Em seguida à colonização veio o início do desenvolvimento da era capitalista, quando o mercantilismo transcontinental fez o fausto europeu e americano do norte com as revoluções industriais. Tudo se fabricou; vendeu-se; comprou-se (matérias primas) e financiou-se para o chamado 3º mundo dentro da lógica do lucro e da usura. 

Na era industrial se impôs o êxodo rural e com ele a formação dos guetos urbanos; vieram as crises cíclicas e a 1ª e a 2ª guerras mundiais, com o genocídio de 70 milhões de pessoas. 

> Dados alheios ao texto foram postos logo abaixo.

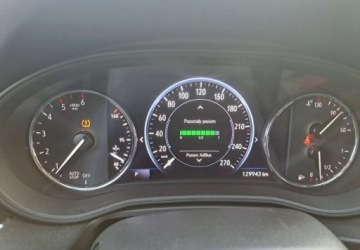 Opel Insignia II Sports Tourer 1.6 CDTI 136KM 2018 Opel Insignia Opel Insignia 1.6 Automatik Exclusive 1.6 Diesel 136KM, zdjęcie 11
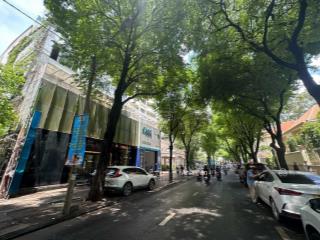 Bán nhà mặt tiền 97a nguyễn du, quận 1  dt 11x36,5m, cn 397,8m² kết cấu 1t 3l giá 350 tỷ tl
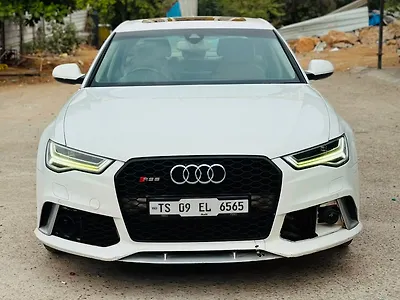 2015 Audi A6 35 TDI Matrix 1
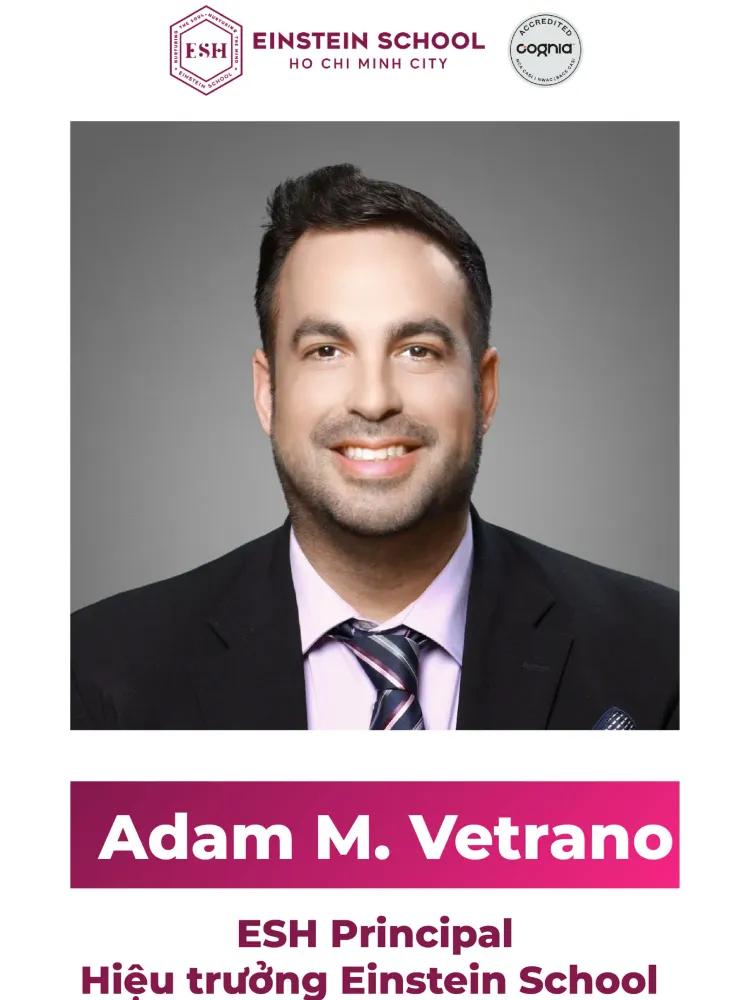 Adam M. Vetrano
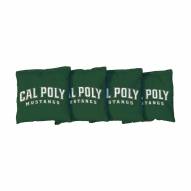 California Polytechnic State Mustangs Cornhole Bags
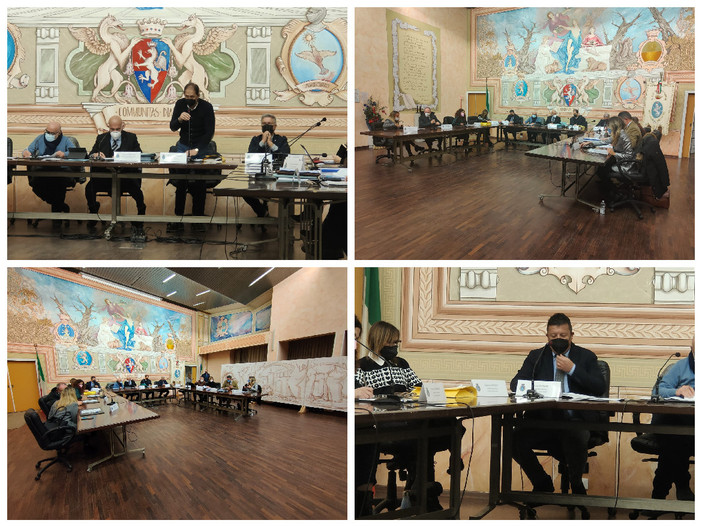 Diano Marina, il consiglio comunale approva il bilancio di previsione: l'esercizio 2022 ammonta a 20 milioni di euro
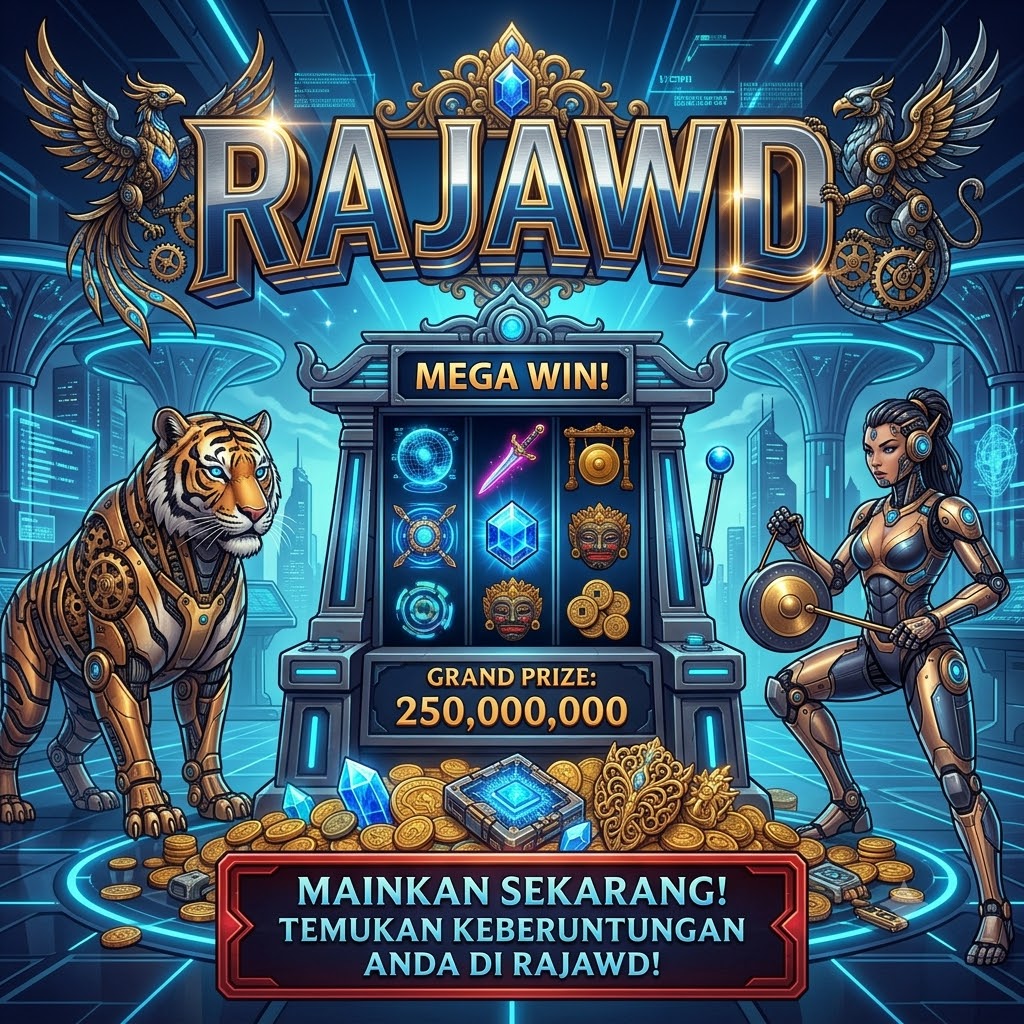 Galeri foto RAJAWD # Pusatnya Slot Toto Paling Gampang di Jakarta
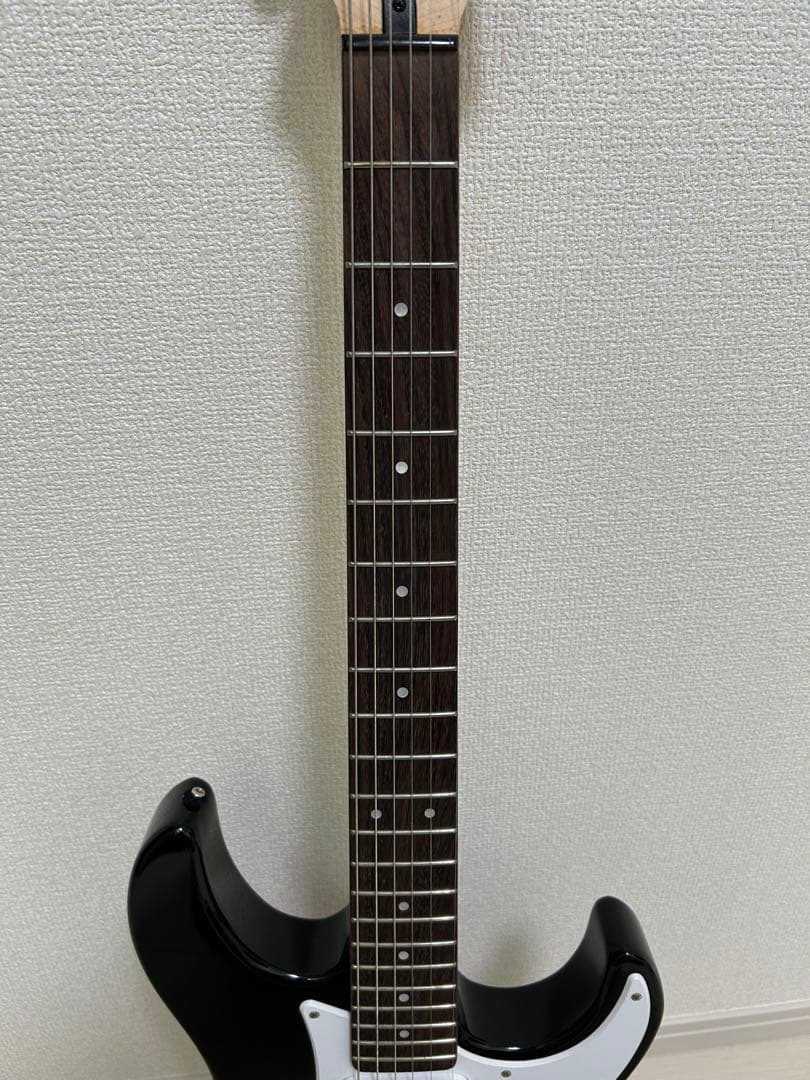 『お値引き』YAMAHA PACIFICA 初心者セット　ブラックエレキギター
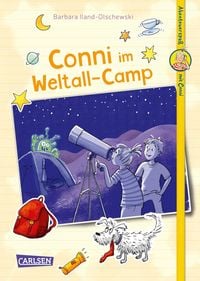 Produktbild: Abenteuerspa&szlig; mit Conni 5: Conni im Weltall-Camp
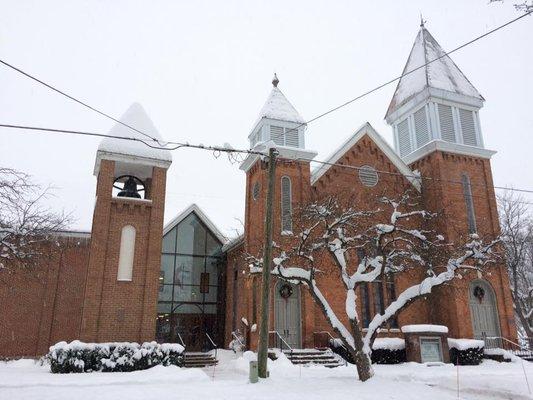 First United Methodist Church of Plainwell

Agora, presenciamos o deslocamento da produção para países populosos e subdesenvolvidos em busca de mão-de-obra barata com o uso da tecnologia que representa um novo ciclo mercantil. Tal fenômeno, denominado de globalização, representa o último suspiro do capitalismo moribundo, e provoca a exclusão crescente de grandes contingentes humanos do processo de produção e da vida social – os supérfluos do capitalismo.  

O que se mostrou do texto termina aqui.